> _Your assignment_
Starting at the line that contains "Building Photo - Emerald Terrace Apartments" and stopping after the line that contains "Parker & Grey Zarcilos Argollas color Verde", transcribe the listing below exactly; do not include any pictures.
*** Exercise data Section Begins ***
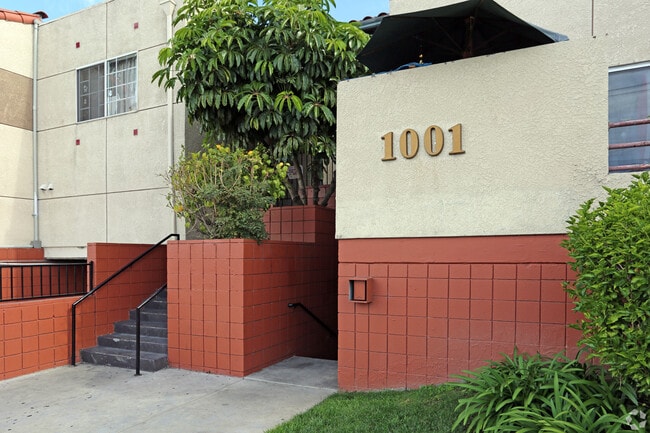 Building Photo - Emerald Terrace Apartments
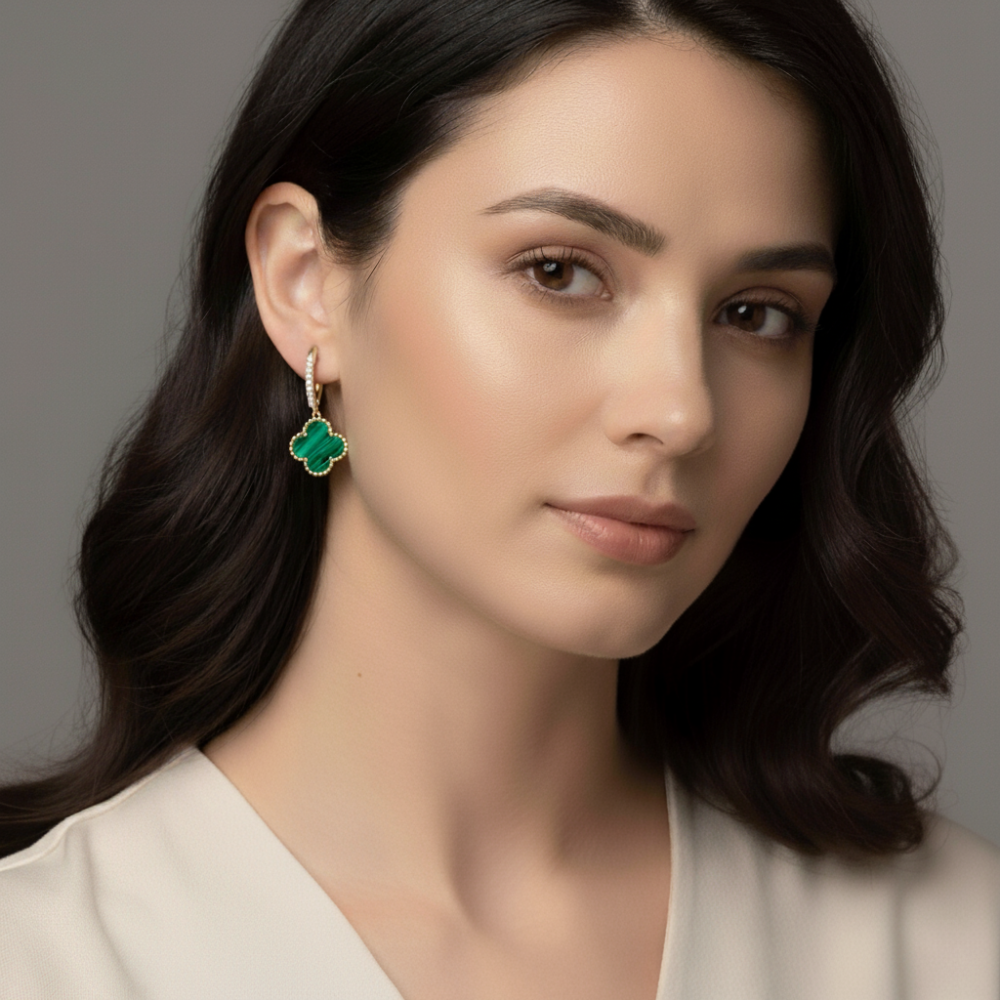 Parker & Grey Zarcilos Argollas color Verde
*** Exercise data Section Ends ***
*** Exercise data Section Begins ***
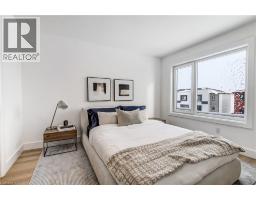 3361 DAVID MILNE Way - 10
*** Exercise data Section Ends ***
*** Exercise data Section Begins ***
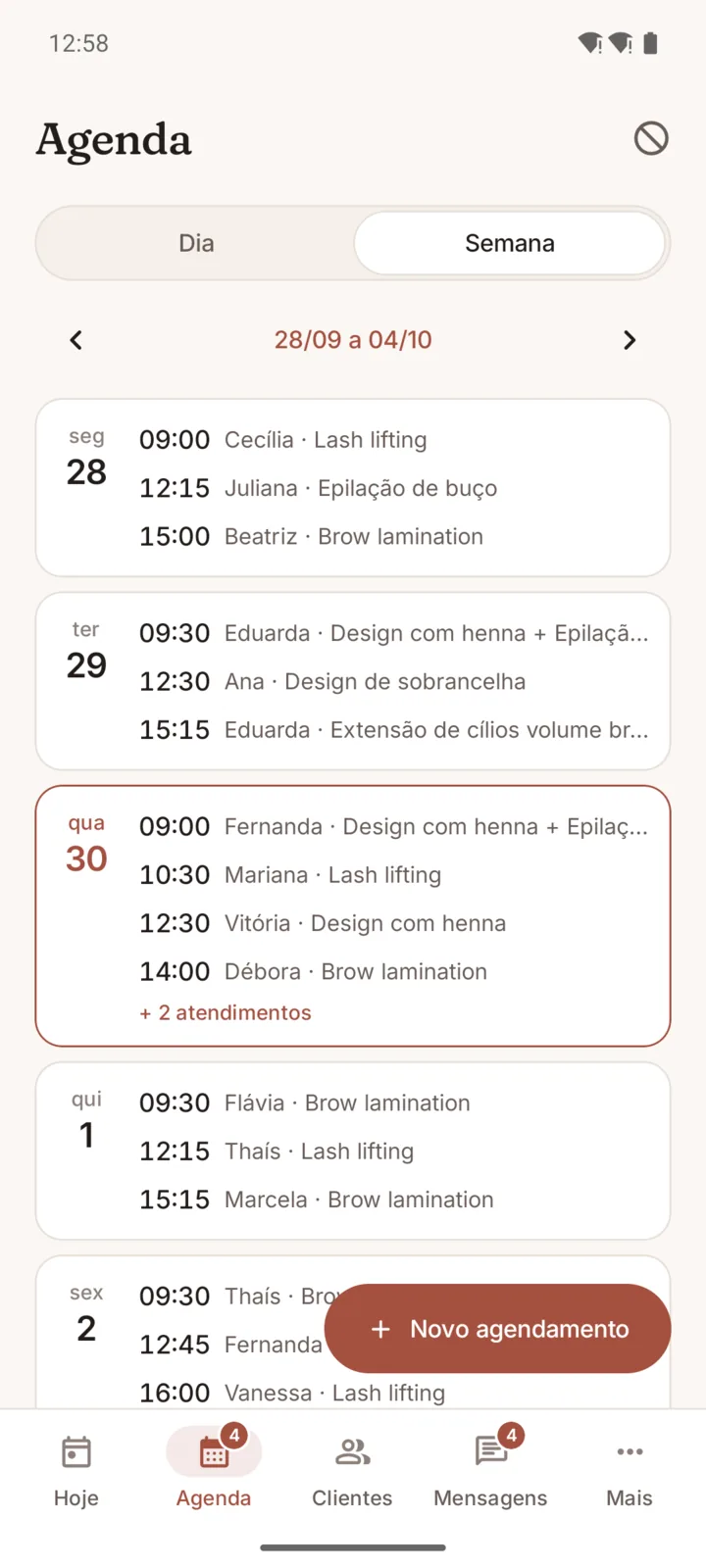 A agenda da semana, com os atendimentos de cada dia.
*** Exercise data Section Ends ***
> _Response area_
 Building Photo - Emerald Terrace Apartments
 Parker & Grey Zarcilos Argollas color Verde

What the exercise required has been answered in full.